Ce qui différencie de la psychopathologie, est qu’elle s’intéresse aux personnes qui sont en bonne santé mentale, et non seulement aux souffrants. La psychologie positive s’écarte donc du modèle médical de la santé. Pour ce dernier, la santé est l’état normal, la maladie une détérioration de cet état. « La santé c’est la vie dans le silence des organes » disait le chirurgien lyonnais René Leriche. Il faut donc soigner pour revenir, via la guérison, à l’état normal.

La santé mentale ne peut pas se définir uniquement par l’absence de maladie. Le bonheur ne se réduit pas à l’absence de souffrance. Et la souffrance peut, au contraire, être signe de santé mentale. La perte, par exemple, d’un être cher provoque une intense souffrance, dont l’absence serait plutôt inquiétante. La psychothérapie s’inspirant de la psychologie positive ne cherche pas seulement à faire disparaître le trouble dont souffre l’individu, mais à l’aider à trouver un état qui le rende suffisamment heureux.

Les principes :

On définira la santé mentale par cinq composantes :

  1. Capacité à profiter de la vie : bien être subjectif
  2. Capacité à s’adapter à des changements de situation : faire face sur les trois dimensions, cognitive, émotionnelle et comportementale.
  3. Bien être émotionnel : gérer ses émotions pour qu’elles contribuent à l’équilibre.
  4. Appartenance sociale : faire partie de groupe où l’on se sent bien.
  5. Valeurs spirituelles.

 

Mihaly Csikszentmihalyi

 Mihaly Csikszentmihalyi

Risques et protection

Il existe des facteurs généraux qui font courir des risques de déstabilisation de la santé mentale (du bonheur).

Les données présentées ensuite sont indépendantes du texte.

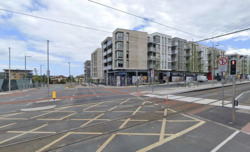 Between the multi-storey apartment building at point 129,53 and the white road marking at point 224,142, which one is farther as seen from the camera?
the multi-storey apartment building at point 129,53

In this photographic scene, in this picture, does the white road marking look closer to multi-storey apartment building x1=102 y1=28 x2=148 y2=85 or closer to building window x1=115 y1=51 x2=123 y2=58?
multi-storey apartment building x1=102 y1=28 x2=148 y2=85

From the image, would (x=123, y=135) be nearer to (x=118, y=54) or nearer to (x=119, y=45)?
(x=118, y=54)

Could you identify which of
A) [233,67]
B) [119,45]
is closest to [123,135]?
[233,67]

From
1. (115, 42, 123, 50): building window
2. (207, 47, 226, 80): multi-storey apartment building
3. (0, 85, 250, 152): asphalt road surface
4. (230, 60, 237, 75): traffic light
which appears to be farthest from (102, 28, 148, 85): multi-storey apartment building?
(230, 60, 237, 75): traffic light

  • D’origine externe : deuil, chômage, accident, séparation, guerre …
  • D’origine interne : ce sont les pathologies de la personne (anxiété excessive, tocs, peurs diverses, jalousie, manque de confiance en soi, …) On se retrouve ici dans le domaine de la psychopathologie.

Ces facteurs sont généraux, mais leur impact sur une personne donnée dépend d’autres facteurs. En général, c’est la présence de plusieurs facteurs qui va aboutir à une perturbation de la santé mentale, souvent de la conjonction de facteurs externes et internes.

Protections.

On peut trouver des moyens de se protéger contre ces facteurs de risques. Il y a des protections non psychologiques (avoir une assurance, faire attention à sa santé, …) et des protections psychologiques. Celles-ci ne vont pas empêcher la perturbation (on ne peut pas ressusciter une personnes décédée ou revenir avant un accident) mais agir sur l’impact provoqué par les facteurs de déstabilisation. Un bon réseau relationnel, une relation intime de bonne qualité, des passions, une activité physique saine, et… une psychothérapie, sont des protections et une aide à passer la difficulté, sans pour autant la nier.

Ressources

Chacun possède des ressources qui vont pouvoir être mises en action pour se protéger contre les facteurs de risques, mais aussi pour entretenir sa santé mentale et acquérir ou maintenir le bien-être. La mobilisation de ces ressources n’est pas une voie miraculeuse pour être tout le temps dans le bonheur, mais pour développer celui-ci et le préserver autant que possible des dégradations inévitables qu’il subit (par exemple un deuil).

Adaptation

Comment se comporter dans une situation donnée pour en tirer les bénéfices et éviter les souffrances, autrement dit optimiser le bien-être et éviter au mieux le mal-être ? la réponse se trouve dans la capacité d’adaptation aux circonstances. Attention, un événement heureux, en provenance de l’extérieur peut avoir des conséquences négatives s’il est mal traité. L’exemple des gagnants du loto le montre, comme l’a illustré avec humour le film « Heureux gagnants ».

D’un autre côté, un fait désagréable comme un licenciement, ou même un accident, peut permettre un rebond dans la vie, en actionnant le phénomène de résilience

Le rôle des émotions

Les émotions sont essentielles à la vie psychique, y compris les « négatives » : tristesse, colère, peur, qui sont des avertisseurs. Mais les émotions positives ont un effet bénéfique sur la capacité de résolution de problèmes et de récupération de l’équilibre psychique. Créer des émotions positives permet de mieux répondre au stress, en particulier par contrôle du rythme cardiaque. 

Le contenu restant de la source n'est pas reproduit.